# New Regina Pics



## ReginasMommy (Apr 13, 2011)

Hello everyone! I have some pics of Regina from a few snuggle sessions!









Cutie pie!









"Da piktures again, Mama?"









Funny face!









Profile shot!









zzzzzzz









ZZZZZZZZZZZZ


----------



## ReginasMommy (Apr 13, 2011)

And some more!









Om nom nom!









"Ugh, lady, you iz alwayz dere wif da kamera..."









Smushy face!









Snaggletooth!









"I'z going to bed now..."









"I said goodnight!"


----------



## Sar-uh (Sep 6, 2011)

Her smushed face is sooooo precious!
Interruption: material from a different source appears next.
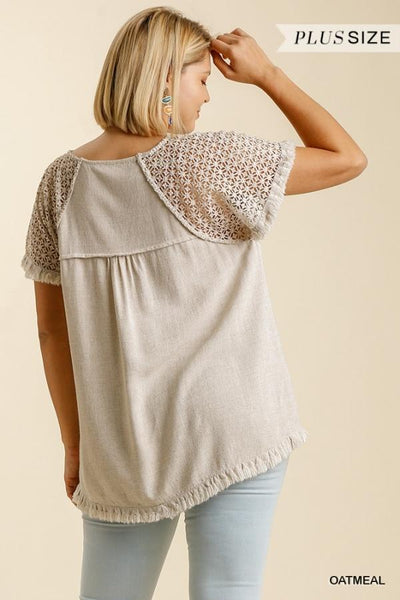 Frayed Hem Linen Tunic Top with Floral Crochet Sleeves in Plus Size by Umgee Clothing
She looks like a great little cuddler


----------



## Nebular (Dec 28, 2010)

Love the smooshy face and the whole "nuts to this, I'm going back to bed" thing. :lol:


----------



## cylaura (Jan 13, 2011)

So cute! I love her little smushy face. 

And I am TOTALLY stealing your paper towel under the food dishes idea. Liam makes such a mess when he eats, I'm constantly picking up itty bitty kibble crumbs off of his fleece every evening. :roll:


----------



## shaelikestaquitos (Feb 2, 2010)

I love Regina's disgruntled expression in the second last picture :lol: So cute!


----------



## PJM (May 7, 2010)

Regina is so adorable!! I absolutely love the snaggletooth picture. As well as the precious sleeping pictures.


----------



## DexterTheHog (May 22, 2011)

Tee hee! I Regina!!
You still have to meet Dexter!


----------



## SaltAndExtraPepper (Mar 4, 2011)

It seems like it'd been too long since new pics of Regina!!  I love her snoozing sleepy face, and her snaggletooth, and her smooshy face of course! I like her side-swept visor quills, she looks like she did it on purpose with hair spray. Fashionista hedgie!


----------



## Quinn (Apr 24, 2011)

love the pics! one of the faces looks likes shes smiling!


----------



## txhedgiemomma (Nov 11, 2011)

Oh my gosh, Regina is such a cutie!! I love her expressions.


----------



## ReginasMommy (Apr 13, 2011)

Thank you all! Regina appreciates the compliments 

And DexterTheHog--yes I want to meet Dexter soooooon!


----------